The following images are propagating quickly this week through the social media websites Facebook and Pinterest, attributing a quote about technology, social interaction and idiocy to Albert Einstein:
According to the Quote Investigator, there is no evidence that Albert Einstein ever uttered any version of this quote. As a search through the Google database of millions of books demonstrates, the phrase “generation of idiots” is nowhere associated with Albert Einstein until 1996, and appears commonly with Einstein’s name only in the last year or two. I looked up the work of the Quote Investigator and verified it using Google’s database because the quote sounded fishy to me. One tell-tale sign that Einstein didn’t say it is the confusion of “technology” with lightning-fast modern telecommunications. A pencil is a piece of technology. A hearing aid is a piece of technology. A book is a piece of technology. All of these have a pretty solid reputation of fighting idiocy. The tendency to equate “technology” particularly with circuitry came after Einstein’s heyday.

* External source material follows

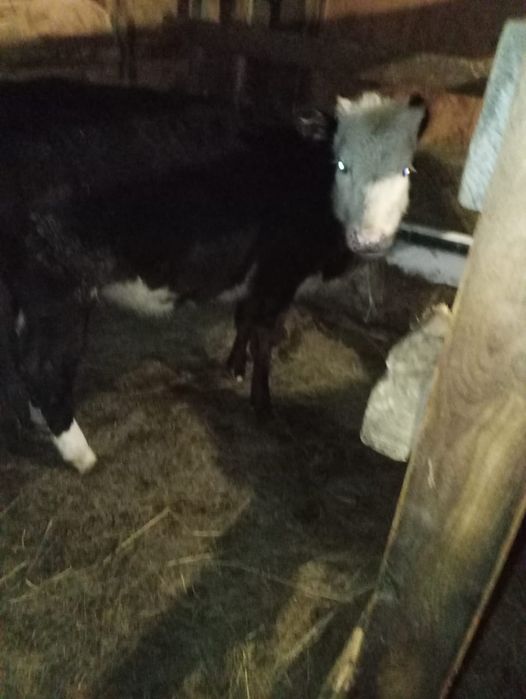 Продам 3-х телят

I suspect the actual author of these quotes of engaging in some deliberate irony when she or he released them using social media websites. Is somebody giggling in a dorm room somewhere, amused at the use of social media to spread a fake quote insulting the users of social media? If so, it’s a meta-joke.
The question is, does it matter that Einstein probably didn’t ever say this? Does the truth of the statement rest on who said it? If the author of the fake quote foisted the quote upon willing dupes who spread it far and wide using technology, does it prove the author’s point? Is our credulity a product of human nature, not of the technology we only use to express it?